In the photography series Dakka Marrakchia, women pose like fashion models on the streets and rooftops of Marrakech while dressed in camouflage pattern kaftans and luxury print face veils. The portraits offer Hassan’s perception of Muslim women as dynamic and empowered.
The Path confronts Hajjaj’s dual-identity through the bold use of colour, shape and pattern. The exhibition title references Hajjaj’s personal journey from his birthplace in Larache, Morocco, to London, UK and beyond, into his experience working around the world. The showcase draws inspiration from the album The Path by the jazz-fusion musician Ralph MacDonald, which pays artistic testament to the diasporic scattering of people of African descent around the globe, a common theme in Hajjaj’s practice.
Much of Hajjaj’s work focuses on figures whose family origins mostly lie abroad, in Africa, the Caribbean, the Middle East or elsewhere. Through this theme, Hajjaj conjures a vision of a society united, not divided, by difference. At a time of major conflict within Britain, Hajjaj’s portraits make an urgent, timely case in favour of hybridity and multiculturalism. In his images, cultural identity is seen as fluid and multiple rather than fixed and singular.
At NAE Hajjaj turns his focus to British personalities, concentrating primarily on figures such as the painter Lynette Yiadom-Boakye, jazz musician Kamaal Williams and the shoe designer Marc Hare. As always, his subjects hail from a range of cultural backgrounds creating, in composite, a portrait of Britain at its most dynamically diverse.
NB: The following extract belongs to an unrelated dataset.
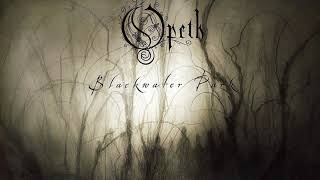 OPETH - "Still Day Beneath The Sun" || Full Cover [Studio Quality]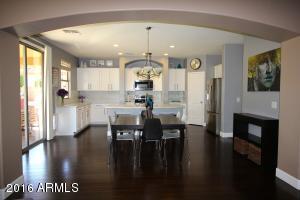 1485 E Chestnut Ln, Gilbert, AZ 85298 photo 12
For the first time in the UK, Hajjaj will show Between, a selection of his photography that focuses on landscape, place and sensibility, rather than portraiture. Reflecting the artist’s travels in Africa and the Middle East, the photographs reveal Hajjaj in a new light, as a photographer concerned with the intimacies of everyday life as well as the performed presentation of the self. Hajjaj shifts the focus away from a narrative that positions the ordinary people of the developing world as extras in the drama of globalisation – as refugees, migrants and dollar-a-day strugglers. In Hajjaj’s portraits they are not figures on the margins. They are no less than rock stars in the waiting.